Parallelised read (requires a numeric partition column):

    large_table:
      format: jdbc
      url: "jdbc:postgresql://db-host:5432/mydb"
      table: public.transactions
      user: "{{ env.DB_USER }}"
      password: "{{ env.DB_PASS }}"
      options:
        partitionColumn: id
        lowerBound: "1"
        upperBound: "10000000"
        numPartitions: "16"
        fetchsize: "50000"

Custom SQL:

    recent_orders:
      format: jdbc
      url: "jdbc:postgresql://db-host:5432/mydb"
      sql: "SELECT * FROM orders WHERE created_at >= '{{ dt }}'"
      user: "{{ env.DB_USER }}"
      password: "{{ env.DB_PASS }}"

Requirement

url is required.
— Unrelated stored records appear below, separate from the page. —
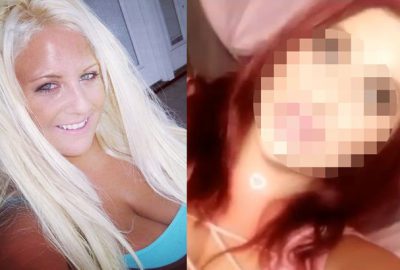 Estetiğe 50 bin dolar harcadı! Görenler inanamadı…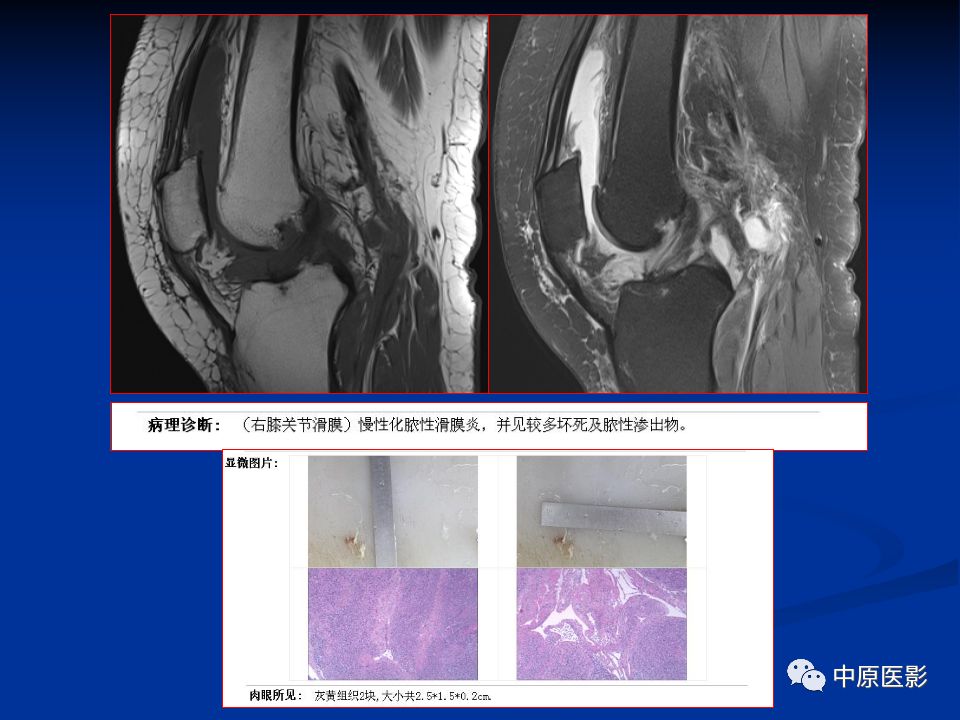 影像PPT - 【PPT】色素沉着绒毛结节性滑膜炎MRI诊断-36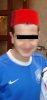 hairline3.jpg hairline3.jpg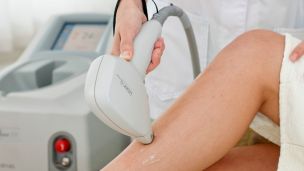 Лазерная эпиляция в Киеве со скидкой 50%
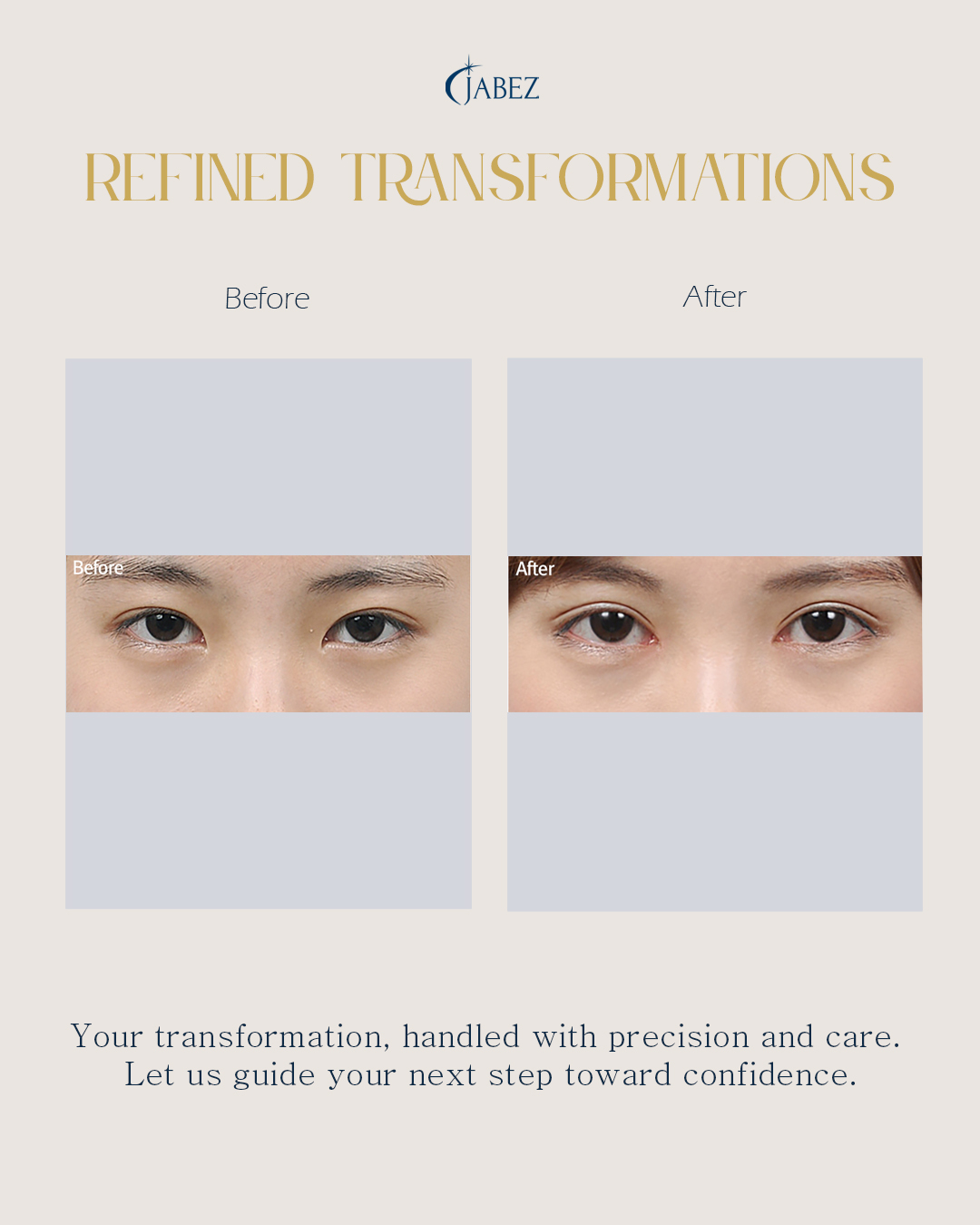 Meet Our Patients 2 eye treatment korea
Either table or sql is required.


Write

CONFIG:
  outputs:
    predictions:
      format: jdbc
      url: "jdbc:postgresql://db-host:5432/mydb"
      table: ml.predictions
      user: "{{ env.DB_USER }}"
      password: "{{ env.DB_PASS }}"
      mode: append
      options:
        batchsize: "5000"
        truncate: "true"

Fields

Field Type Required Description
format "jdbc" Yes Selects this connector
url string Yes JDBC connection URL
table string Conditional Fully qualified table name (required unless sql set)
sql string Conditional SQL query for reads (alternative to table)
user string No Database username
password string No Database password — use {{ env.VAR }}
mode overwrite | append No Write mode (outputs only)
options dict No Spark JDBC options

JDBC URLs by database

Database URL pattern
PostgreSQL jdbc:postgresql://host:5432/db
MySQL jdbc:mysql://host:3306/db
Oracle jdbc:oracle:thin:@host:1521/SID
SQL Server jdbc:sqlserver://host:1433;databaseName=db
Redshift jdbc:redshift://cluster.id.region.redshift.amazonaws.com:5439/db

JDBC driver setup

The JDBC driver JAR must be on the Spark classpath:

ENGINE:
  spark_conf:
    spark.jars: "/opt/spark/jars/postgresql-42.7.0.jar"
    # or for multiple JARs:
    # spark.jars: "/opt/spark/jars/pg.jar,/opt/spark/jars/mysql.jar"

On Databricks, install the driver via the cluster Libraries UI.